Take the data below and copy exactly the lines starting at the one with "카라반 구매 시 확인해야 할 7가지 필수 체크리스트를 소개하는 썸네일 이미지" and finishing at the one with "平和屋着物◎六通柄袋帯　風景文　金糸　正絹　逸品　DAAY2416op", both included.

Records supplied: Begin

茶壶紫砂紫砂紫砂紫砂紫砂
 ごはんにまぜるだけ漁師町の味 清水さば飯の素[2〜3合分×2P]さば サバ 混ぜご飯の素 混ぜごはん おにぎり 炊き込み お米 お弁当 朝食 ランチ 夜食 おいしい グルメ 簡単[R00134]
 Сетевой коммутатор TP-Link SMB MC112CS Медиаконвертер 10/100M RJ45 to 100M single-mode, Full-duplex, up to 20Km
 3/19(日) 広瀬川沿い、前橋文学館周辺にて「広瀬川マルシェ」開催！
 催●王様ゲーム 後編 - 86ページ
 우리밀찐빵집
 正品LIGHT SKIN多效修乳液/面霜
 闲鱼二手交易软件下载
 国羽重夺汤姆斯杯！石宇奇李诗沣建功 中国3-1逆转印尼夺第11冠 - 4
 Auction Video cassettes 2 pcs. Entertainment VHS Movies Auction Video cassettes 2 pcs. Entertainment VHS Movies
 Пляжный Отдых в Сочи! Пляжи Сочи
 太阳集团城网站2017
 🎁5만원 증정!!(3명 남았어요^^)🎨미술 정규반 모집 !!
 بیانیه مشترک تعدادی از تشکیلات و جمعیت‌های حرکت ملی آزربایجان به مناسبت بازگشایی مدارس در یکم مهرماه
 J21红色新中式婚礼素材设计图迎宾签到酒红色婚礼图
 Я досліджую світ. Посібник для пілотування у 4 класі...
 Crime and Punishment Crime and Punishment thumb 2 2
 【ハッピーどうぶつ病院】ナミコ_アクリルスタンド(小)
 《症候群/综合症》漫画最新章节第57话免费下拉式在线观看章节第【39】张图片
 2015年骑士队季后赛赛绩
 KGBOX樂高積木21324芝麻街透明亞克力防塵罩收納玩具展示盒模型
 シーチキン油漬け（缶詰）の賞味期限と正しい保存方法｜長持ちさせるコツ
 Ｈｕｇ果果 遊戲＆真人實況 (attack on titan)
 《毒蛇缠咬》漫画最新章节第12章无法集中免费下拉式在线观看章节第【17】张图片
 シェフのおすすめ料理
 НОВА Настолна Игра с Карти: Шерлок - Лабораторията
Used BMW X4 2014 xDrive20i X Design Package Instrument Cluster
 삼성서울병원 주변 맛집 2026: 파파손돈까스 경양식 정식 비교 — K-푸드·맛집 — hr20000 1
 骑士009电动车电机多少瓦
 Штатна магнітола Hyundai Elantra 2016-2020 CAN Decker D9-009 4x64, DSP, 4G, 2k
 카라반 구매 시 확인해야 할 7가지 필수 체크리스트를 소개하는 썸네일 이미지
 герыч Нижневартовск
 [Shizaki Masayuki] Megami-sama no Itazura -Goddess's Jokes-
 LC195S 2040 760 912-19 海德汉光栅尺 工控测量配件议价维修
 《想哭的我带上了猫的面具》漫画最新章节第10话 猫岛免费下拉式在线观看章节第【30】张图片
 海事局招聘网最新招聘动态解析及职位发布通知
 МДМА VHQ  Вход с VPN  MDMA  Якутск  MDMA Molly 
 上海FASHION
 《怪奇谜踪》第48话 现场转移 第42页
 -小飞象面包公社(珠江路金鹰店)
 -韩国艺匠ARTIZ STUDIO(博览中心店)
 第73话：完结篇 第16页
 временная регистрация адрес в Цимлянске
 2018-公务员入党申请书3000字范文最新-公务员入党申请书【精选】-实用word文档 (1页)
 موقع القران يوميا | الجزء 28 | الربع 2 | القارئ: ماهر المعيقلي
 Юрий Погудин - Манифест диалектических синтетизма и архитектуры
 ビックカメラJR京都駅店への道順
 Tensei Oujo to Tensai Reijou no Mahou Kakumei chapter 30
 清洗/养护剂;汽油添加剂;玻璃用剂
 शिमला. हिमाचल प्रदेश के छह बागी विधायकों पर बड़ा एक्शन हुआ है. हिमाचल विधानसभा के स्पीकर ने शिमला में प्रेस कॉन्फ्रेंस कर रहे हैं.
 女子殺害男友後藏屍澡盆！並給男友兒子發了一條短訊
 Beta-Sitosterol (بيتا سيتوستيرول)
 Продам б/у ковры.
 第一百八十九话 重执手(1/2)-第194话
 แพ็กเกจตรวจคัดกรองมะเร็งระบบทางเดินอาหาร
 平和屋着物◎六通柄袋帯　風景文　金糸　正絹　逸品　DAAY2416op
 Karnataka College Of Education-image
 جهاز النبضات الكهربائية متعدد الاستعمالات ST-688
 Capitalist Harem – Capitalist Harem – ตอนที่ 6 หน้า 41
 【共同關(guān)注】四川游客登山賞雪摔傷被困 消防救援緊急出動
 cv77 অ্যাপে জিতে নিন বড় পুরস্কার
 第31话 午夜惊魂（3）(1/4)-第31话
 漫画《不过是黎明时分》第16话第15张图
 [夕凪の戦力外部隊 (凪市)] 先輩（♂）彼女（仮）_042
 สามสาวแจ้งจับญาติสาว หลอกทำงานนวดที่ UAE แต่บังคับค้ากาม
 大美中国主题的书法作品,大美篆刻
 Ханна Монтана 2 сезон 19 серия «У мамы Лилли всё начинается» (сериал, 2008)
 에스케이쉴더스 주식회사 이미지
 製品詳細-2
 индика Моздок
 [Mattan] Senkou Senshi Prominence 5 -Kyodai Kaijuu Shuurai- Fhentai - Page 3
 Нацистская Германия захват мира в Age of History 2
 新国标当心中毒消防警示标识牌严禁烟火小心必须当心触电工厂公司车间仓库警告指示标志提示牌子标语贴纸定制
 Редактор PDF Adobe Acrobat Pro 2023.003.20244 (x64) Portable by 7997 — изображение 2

Records supplied: End

• [Solution for this exercise]
 카라반 구매 시 확인해야 할 7가지 필수 체크리스트를 소개하는 썸네일 이미지
 герыч Нижневартовск
 [Shizaki Masayuki] Megami-sama no Itazura -Goddess's Jokes-
 LC195S 2040 760 912-19 海德汉光栅尺 工控测量配件议价维修
 《想哭的我带上了猫的面具》漫画最新章节第10话 猫岛免费下拉式在线观看章节第【30】张图片
 海事局招聘网最新招聘动态解析及职位发布通知
 МДМА VHQ  Вход с VPN  MDMA  Якутск  MDMA Molly 
 上海FASHION
 《怪奇谜踪》第48话 现场转移 第42页
 -小飞象面包公社(珠江路金鹰店)
 -韩国艺匠ARTIZ STUDIO(博览中心店)
 第73话：完结篇 第16页
 временная регистрация адрес в Цимлянске
 2018-公务员入党申请书3000字范文最新-公务员入党申请书【精选】-实用word文档 (1页)
 موقع القران يوميا | الجزء 28 | الربع 2 | القارئ: ماهر المعيقلي
 Юрий Погудин - Манифест диалектических синтетизма и архитектуры
 ビックカメラJR京都駅店への道順
 Tensei Oujo to Tensai Reijou no Mahou Kakumei chapter 30
 清洗/养护剂;汽油添加剂;玻璃用剂
 शिमला. हिमाचल प्रदेश के छह बागी विधायकों पर बड़ा एक्शन हुआ है. हिमाचल विधानसभा के स्पीकर ने शिमला में प्रेस कॉन्फ्रेंस कर रहे हैं.
 女子殺害男友後藏屍澡盆！並給男友兒子發了一條短訊
 Beta-Sitosterol (بيتا سيتوستيرول)
 Продам б/у ковры.
 第一百八十九话 重执手(1/2)-第194话
 แพ็กเกจตรวจคัดกรองมะเร็งระบบทางเดินอาหาร
 平和屋着物◎六通柄袋帯　風景文　金糸　正絹　逸品　DAAY2416op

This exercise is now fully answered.